Years ago I wrote a graduate degree research paper on deicing fluid … yeah, I did. According to the Material Safety Data Sheet (MSDS) the basic compounds that deice fluid manufacturers are required to report are pretty innocuous. Although not a dessert topping, glycol has a sweet taste; if consumed orally, the worst conditions you suffer from are gastrointestinal difficulties – enough said.
However, what is important is what the deice fluid MSDS does not say about is its own secret ingredient. Some manufacturers employ lubricants mixed in with the deice fluid. At the time of my report the lubricant was called methylbenzotriazole (MeBT), aka tolyltriazole. Per the Society of Environmental Toxicology of Chemistry, MeBT inhibits metal corrosion; its purpose is to lubricate the deice truck’s internal components, e.g. pumps, gears, etc.; it prevents hot water/fluid mixture damage. MeBT ends up in the deice steam cloud as it exits the truck’s nozzle. The reason that MeBT does not show up on the MSDS is because for proprietary reasons they are not required to list it; its chemical formula could be copied by competitors.

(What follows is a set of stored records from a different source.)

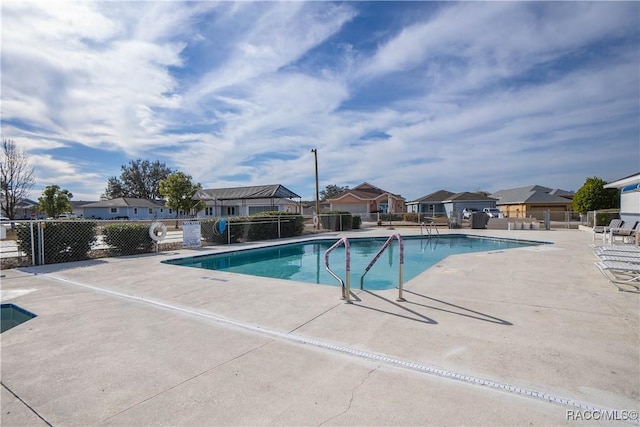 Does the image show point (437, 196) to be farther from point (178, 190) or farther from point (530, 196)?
point (178, 190)

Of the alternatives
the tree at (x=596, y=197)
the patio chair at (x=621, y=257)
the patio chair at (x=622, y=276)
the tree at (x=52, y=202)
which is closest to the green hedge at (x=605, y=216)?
the tree at (x=596, y=197)

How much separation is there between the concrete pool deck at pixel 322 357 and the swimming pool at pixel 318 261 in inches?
123

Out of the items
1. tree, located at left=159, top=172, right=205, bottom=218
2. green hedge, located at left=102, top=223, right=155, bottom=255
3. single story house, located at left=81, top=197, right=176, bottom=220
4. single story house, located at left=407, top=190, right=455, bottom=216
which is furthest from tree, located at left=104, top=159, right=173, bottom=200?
green hedge, located at left=102, top=223, right=155, bottom=255

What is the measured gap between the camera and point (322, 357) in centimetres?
296

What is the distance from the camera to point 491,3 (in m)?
8.20

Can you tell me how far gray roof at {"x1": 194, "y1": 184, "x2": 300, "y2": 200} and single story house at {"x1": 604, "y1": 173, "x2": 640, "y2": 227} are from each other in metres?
26.8

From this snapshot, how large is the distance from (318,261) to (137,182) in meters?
59.3

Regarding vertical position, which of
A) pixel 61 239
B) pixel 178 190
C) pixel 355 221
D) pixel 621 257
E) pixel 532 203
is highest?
pixel 178 190

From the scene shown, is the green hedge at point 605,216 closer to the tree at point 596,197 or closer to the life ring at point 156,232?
the tree at point 596,197

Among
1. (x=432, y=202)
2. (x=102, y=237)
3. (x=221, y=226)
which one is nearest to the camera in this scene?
(x=102, y=237)

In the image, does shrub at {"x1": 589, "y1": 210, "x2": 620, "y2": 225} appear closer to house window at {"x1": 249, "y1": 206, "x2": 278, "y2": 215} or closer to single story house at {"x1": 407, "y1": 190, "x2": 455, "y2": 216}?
single story house at {"x1": 407, "y1": 190, "x2": 455, "y2": 216}

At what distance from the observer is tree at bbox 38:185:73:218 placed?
3036cm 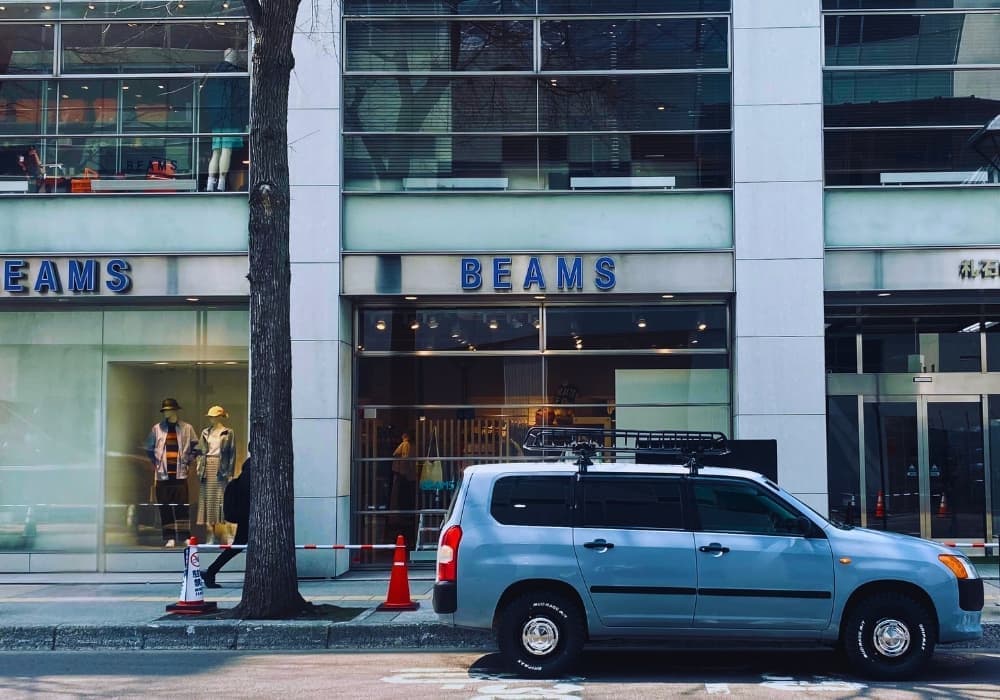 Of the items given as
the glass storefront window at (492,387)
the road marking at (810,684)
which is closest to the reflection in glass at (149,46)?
the glass storefront window at (492,387)

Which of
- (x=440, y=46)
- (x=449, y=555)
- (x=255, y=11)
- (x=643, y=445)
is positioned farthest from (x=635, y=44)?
(x=449, y=555)

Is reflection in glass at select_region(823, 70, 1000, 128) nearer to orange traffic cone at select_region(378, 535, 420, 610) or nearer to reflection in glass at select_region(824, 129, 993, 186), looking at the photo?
reflection in glass at select_region(824, 129, 993, 186)

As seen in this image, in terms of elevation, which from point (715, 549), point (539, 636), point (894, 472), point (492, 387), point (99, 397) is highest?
point (492, 387)

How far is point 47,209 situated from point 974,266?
12.4 meters

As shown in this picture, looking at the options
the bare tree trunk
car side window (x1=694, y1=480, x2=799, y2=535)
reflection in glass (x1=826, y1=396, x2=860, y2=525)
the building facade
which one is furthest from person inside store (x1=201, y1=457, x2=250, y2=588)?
reflection in glass (x1=826, y1=396, x2=860, y2=525)

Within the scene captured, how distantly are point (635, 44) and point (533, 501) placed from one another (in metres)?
8.44

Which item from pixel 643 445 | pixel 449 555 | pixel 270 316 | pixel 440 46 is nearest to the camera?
Result: pixel 449 555

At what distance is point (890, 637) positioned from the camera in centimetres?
920

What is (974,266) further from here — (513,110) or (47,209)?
(47,209)

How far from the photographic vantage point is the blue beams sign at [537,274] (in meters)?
15.5

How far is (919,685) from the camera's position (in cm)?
891

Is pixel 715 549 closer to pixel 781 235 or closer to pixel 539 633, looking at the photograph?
pixel 539 633

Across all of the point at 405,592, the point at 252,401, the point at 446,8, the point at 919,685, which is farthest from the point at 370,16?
the point at 919,685

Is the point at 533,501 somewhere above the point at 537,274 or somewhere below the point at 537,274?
below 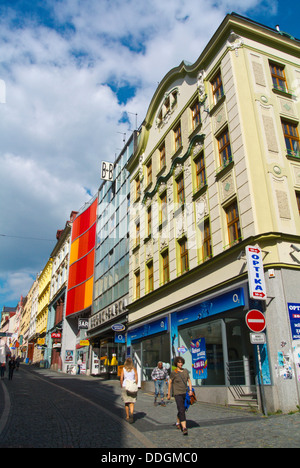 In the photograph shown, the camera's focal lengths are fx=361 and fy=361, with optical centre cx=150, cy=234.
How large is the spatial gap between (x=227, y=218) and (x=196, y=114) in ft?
24.6

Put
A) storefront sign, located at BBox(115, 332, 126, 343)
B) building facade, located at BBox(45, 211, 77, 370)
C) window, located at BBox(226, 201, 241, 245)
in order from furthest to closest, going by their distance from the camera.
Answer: building facade, located at BBox(45, 211, 77, 370) < storefront sign, located at BBox(115, 332, 126, 343) < window, located at BBox(226, 201, 241, 245)

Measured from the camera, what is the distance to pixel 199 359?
53.0ft

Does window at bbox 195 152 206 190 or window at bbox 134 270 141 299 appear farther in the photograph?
window at bbox 134 270 141 299

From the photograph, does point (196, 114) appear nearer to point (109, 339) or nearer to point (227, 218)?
point (227, 218)

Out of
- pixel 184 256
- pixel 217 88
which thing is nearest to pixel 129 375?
pixel 184 256

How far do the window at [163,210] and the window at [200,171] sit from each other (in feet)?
12.7

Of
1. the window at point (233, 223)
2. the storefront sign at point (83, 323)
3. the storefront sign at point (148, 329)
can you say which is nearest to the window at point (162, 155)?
the window at point (233, 223)

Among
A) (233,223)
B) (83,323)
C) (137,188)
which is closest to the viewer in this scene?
(233,223)

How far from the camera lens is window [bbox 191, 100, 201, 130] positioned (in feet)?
64.9

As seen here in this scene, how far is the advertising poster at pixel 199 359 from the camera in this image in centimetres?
1570

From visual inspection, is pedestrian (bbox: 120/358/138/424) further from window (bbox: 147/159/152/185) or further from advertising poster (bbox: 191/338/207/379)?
window (bbox: 147/159/152/185)

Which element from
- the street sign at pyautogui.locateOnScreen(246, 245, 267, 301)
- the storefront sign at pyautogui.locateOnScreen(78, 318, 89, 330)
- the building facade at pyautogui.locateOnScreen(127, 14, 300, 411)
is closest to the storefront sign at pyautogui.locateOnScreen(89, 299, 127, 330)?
the storefront sign at pyautogui.locateOnScreen(78, 318, 89, 330)

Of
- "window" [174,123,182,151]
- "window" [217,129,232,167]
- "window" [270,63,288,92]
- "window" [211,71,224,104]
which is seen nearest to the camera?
"window" [217,129,232,167]

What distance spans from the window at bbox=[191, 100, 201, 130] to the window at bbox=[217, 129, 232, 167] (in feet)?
9.87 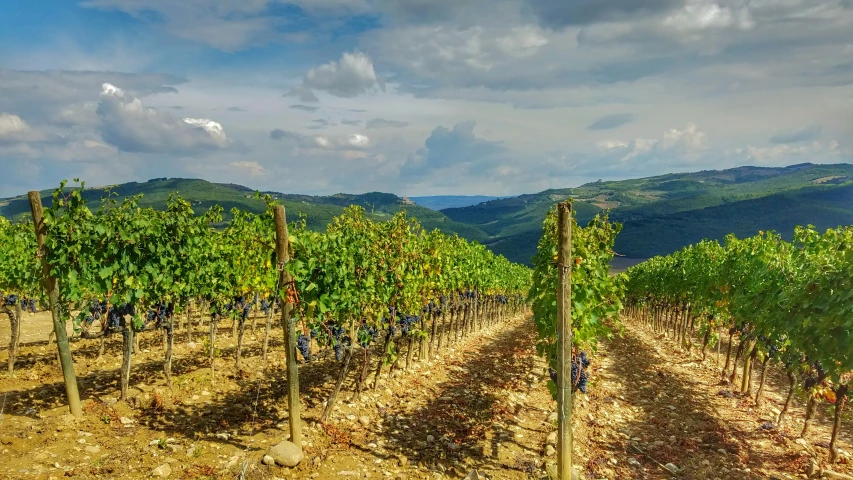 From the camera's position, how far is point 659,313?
38.3m

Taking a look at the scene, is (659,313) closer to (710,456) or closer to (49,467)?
(710,456)

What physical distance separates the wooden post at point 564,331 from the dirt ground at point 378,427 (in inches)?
46.5

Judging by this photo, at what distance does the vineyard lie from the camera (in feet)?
27.1

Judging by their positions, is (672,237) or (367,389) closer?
(367,389)

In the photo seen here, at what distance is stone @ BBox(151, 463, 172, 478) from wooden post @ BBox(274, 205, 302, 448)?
6.38 ft

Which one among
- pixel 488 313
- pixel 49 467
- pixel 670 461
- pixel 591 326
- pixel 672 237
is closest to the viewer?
pixel 49 467

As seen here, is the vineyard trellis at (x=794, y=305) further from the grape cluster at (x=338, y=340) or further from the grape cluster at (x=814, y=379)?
the grape cluster at (x=338, y=340)

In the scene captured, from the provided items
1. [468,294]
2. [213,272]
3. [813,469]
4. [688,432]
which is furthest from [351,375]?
[468,294]

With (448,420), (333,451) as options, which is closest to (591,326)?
(448,420)

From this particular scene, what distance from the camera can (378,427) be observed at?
1034 centimetres

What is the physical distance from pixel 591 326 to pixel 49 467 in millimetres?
10313

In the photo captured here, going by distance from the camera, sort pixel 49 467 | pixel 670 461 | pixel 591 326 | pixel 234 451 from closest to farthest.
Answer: pixel 49 467, pixel 234 451, pixel 670 461, pixel 591 326

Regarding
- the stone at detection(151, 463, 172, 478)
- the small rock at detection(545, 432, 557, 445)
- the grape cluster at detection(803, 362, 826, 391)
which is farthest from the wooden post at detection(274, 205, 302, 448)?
the grape cluster at detection(803, 362, 826, 391)

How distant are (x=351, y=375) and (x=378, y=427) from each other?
154 inches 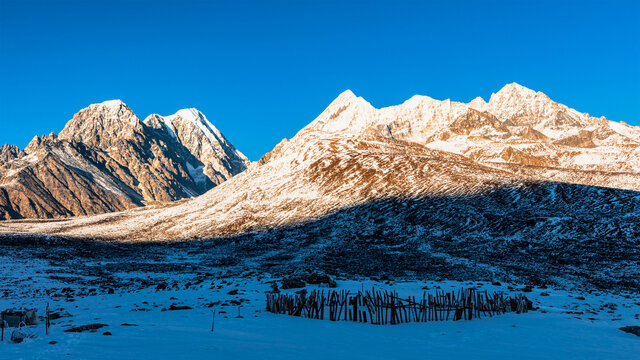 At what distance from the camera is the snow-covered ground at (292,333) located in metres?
13.8

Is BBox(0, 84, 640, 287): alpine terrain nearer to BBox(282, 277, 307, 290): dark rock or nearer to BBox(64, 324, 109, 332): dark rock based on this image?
BBox(282, 277, 307, 290): dark rock

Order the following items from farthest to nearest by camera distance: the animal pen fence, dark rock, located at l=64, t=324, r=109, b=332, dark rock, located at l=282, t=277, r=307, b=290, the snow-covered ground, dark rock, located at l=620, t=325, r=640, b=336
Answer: dark rock, located at l=282, t=277, r=307, b=290 → the animal pen fence → dark rock, located at l=620, t=325, r=640, b=336 → dark rock, located at l=64, t=324, r=109, b=332 → the snow-covered ground

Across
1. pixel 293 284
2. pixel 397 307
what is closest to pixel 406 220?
pixel 293 284

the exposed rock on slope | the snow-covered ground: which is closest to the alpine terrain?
the exposed rock on slope

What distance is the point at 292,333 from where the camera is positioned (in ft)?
56.2

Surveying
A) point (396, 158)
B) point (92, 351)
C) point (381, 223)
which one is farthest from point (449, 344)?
point (396, 158)

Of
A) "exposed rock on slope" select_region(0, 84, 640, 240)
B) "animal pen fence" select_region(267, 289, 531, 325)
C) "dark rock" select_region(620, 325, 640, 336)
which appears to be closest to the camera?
"dark rock" select_region(620, 325, 640, 336)

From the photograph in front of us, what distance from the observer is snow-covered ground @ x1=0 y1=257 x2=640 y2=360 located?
13.8 metres

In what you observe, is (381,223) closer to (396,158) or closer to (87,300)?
(396,158)

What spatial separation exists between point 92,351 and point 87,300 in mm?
13492

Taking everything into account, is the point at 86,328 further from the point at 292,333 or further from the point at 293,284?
the point at 293,284

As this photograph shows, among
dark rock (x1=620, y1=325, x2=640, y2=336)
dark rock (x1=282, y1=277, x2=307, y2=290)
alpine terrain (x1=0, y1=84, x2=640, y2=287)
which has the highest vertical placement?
alpine terrain (x1=0, y1=84, x2=640, y2=287)

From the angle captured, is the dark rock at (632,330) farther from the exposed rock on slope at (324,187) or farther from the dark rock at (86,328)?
the exposed rock on slope at (324,187)

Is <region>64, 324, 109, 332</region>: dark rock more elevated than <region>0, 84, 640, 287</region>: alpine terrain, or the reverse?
<region>0, 84, 640, 287</region>: alpine terrain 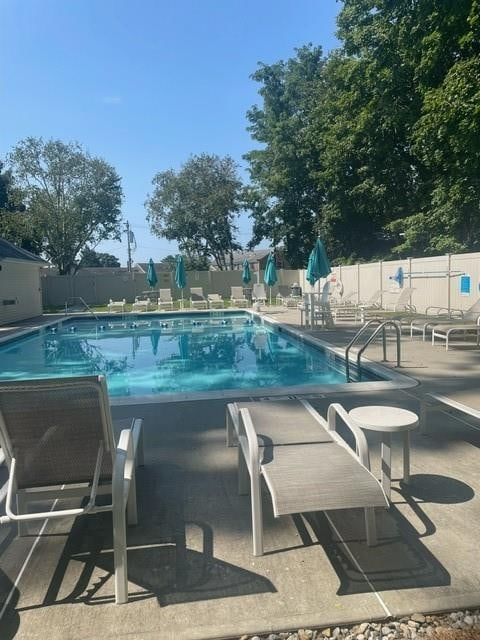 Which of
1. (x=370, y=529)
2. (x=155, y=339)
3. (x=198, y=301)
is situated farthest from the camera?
(x=198, y=301)

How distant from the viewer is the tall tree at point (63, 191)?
33.3m

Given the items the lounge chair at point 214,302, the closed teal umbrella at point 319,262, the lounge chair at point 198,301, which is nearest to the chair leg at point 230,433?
the closed teal umbrella at point 319,262

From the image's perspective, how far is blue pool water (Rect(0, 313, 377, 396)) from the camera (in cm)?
855

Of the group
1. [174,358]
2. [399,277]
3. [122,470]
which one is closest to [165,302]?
[399,277]

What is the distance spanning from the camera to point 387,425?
2.98 m

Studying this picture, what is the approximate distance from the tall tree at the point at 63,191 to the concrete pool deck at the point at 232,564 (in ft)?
110

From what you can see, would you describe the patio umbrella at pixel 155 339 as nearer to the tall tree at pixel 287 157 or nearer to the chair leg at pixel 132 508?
the chair leg at pixel 132 508

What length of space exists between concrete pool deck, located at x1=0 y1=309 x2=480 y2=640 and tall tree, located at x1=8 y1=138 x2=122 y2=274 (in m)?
33.7

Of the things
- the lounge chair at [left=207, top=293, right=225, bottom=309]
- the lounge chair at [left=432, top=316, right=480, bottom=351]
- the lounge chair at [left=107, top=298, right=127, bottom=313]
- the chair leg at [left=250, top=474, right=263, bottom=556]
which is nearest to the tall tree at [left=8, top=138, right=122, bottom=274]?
the lounge chair at [left=107, top=298, right=127, bottom=313]

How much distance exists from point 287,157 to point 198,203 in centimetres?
1020

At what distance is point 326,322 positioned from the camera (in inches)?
506

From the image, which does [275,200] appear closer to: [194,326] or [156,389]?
[194,326]

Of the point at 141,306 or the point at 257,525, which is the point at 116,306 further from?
the point at 257,525

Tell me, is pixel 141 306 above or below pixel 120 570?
above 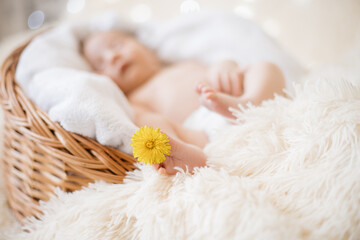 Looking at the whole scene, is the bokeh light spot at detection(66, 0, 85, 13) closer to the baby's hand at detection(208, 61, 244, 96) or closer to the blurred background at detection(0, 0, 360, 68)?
the blurred background at detection(0, 0, 360, 68)

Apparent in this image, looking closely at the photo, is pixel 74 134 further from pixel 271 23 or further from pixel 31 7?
pixel 31 7

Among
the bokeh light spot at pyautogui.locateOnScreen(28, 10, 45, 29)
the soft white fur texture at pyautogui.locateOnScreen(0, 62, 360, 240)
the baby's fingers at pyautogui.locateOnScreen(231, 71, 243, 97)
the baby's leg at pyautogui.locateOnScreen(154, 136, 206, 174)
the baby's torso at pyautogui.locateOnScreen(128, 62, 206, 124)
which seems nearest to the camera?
the soft white fur texture at pyautogui.locateOnScreen(0, 62, 360, 240)

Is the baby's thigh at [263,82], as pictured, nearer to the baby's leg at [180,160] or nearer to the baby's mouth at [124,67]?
the baby's leg at [180,160]

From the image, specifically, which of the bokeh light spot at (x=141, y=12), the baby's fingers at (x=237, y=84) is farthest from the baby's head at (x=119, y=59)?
the bokeh light spot at (x=141, y=12)

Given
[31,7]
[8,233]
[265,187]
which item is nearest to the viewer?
[265,187]

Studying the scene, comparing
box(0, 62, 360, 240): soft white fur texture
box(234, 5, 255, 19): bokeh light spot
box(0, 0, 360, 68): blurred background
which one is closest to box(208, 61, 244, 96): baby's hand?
box(0, 62, 360, 240): soft white fur texture

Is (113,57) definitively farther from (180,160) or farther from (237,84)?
Result: (180,160)

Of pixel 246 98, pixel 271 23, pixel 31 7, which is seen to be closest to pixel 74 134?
pixel 246 98

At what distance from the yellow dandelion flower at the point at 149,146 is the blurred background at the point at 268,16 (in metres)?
1.17

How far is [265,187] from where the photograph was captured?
22.1 inches

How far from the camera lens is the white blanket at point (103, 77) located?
69cm

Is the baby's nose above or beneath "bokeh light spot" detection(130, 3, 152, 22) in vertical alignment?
beneath

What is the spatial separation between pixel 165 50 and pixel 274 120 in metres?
0.90

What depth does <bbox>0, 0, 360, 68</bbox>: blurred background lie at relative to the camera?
61.6 inches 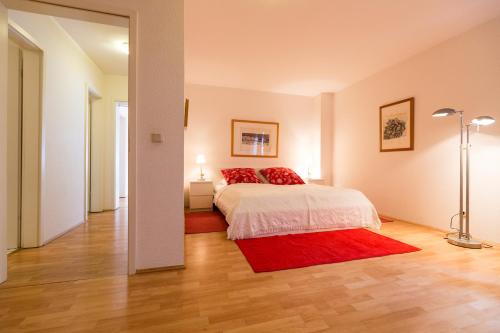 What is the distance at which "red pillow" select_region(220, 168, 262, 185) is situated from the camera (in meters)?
4.08

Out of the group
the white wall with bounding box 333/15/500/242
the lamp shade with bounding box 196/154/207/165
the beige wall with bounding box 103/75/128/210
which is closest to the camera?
the white wall with bounding box 333/15/500/242

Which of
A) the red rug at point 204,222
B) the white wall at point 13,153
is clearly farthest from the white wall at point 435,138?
the white wall at point 13,153

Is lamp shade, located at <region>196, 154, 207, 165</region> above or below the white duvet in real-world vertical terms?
above

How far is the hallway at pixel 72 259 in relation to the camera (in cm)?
166

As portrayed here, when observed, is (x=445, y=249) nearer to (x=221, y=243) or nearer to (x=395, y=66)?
(x=221, y=243)

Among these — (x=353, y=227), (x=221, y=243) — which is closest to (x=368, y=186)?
(x=353, y=227)

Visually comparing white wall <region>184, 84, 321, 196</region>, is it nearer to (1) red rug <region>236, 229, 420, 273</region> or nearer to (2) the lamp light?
(2) the lamp light

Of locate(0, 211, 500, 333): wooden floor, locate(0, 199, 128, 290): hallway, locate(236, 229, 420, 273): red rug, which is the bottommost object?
locate(0, 211, 500, 333): wooden floor

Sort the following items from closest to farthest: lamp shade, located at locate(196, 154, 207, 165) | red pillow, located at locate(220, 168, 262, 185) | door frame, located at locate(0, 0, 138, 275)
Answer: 1. door frame, located at locate(0, 0, 138, 275)
2. red pillow, located at locate(220, 168, 262, 185)
3. lamp shade, located at locate(196, 154, 207, 165)

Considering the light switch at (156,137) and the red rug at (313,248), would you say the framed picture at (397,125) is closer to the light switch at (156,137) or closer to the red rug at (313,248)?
the red rug at (313,248)

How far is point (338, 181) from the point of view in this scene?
4.85 metres

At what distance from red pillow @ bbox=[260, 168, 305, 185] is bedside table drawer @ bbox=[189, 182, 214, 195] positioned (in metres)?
1.13

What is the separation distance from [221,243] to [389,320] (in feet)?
5.32

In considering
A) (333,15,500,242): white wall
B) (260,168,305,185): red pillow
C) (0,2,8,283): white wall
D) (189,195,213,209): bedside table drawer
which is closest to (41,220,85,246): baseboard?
(0,2,8,283): white wall
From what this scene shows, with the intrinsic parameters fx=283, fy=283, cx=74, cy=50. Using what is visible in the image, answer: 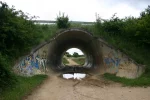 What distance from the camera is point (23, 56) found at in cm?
2022

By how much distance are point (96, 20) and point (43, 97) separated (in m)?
13.4

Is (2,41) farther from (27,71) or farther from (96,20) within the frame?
(96,20)

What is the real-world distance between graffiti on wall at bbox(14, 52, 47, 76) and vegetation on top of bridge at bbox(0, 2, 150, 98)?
22.4 inches

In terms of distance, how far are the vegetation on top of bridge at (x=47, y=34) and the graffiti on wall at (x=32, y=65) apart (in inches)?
22.4

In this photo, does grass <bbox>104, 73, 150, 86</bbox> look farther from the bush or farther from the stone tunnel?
the bush

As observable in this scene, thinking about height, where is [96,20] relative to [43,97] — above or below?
above

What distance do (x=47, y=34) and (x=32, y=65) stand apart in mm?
3863

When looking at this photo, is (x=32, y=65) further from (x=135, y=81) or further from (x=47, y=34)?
(x=135, y=81)

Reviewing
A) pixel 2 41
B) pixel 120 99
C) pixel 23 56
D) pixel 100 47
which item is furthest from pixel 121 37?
pixel 120 99

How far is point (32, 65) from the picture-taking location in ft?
68.5

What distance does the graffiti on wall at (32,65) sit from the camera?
1974 cm

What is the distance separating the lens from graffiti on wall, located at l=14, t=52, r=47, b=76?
64.8 feet

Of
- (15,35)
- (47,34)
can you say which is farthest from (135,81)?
(47,34)

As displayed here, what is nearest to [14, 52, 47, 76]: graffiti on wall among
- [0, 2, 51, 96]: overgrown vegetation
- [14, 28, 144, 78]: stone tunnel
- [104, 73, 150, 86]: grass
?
[14, 28, 144, 78]: stone tunnel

Now here’s the rub: MeBT is a carcinogen; in plain words, it is a cancer-causing agent. The good news is that it’s harmless if rubbed in pure form on your skin and you’d have to drink it by the gallon for it to be harmful by swallowing it. However, the bad news is it can be very harmful if ingested directly into the lungs in an atomized or aerosol form, like in steam.
We’re exposed to many dangerous chemicals, e.g. explosive squibs (solids), Skydrol (liquids), and aerosol fumes (gaseous). There’s no shame in using safety equipment for eyes (safety glasses), skin (plastic gloves) or lungs (breathing masks). The only thing you should hold at arm’s length while running is a football, to be played with your children that you see and hear (thanks to safety equipment) as they tackle you. Oh, that muscle soreness? That’s old age. You can’t prevent that.
OK, lecture’s over; Chem class is excused.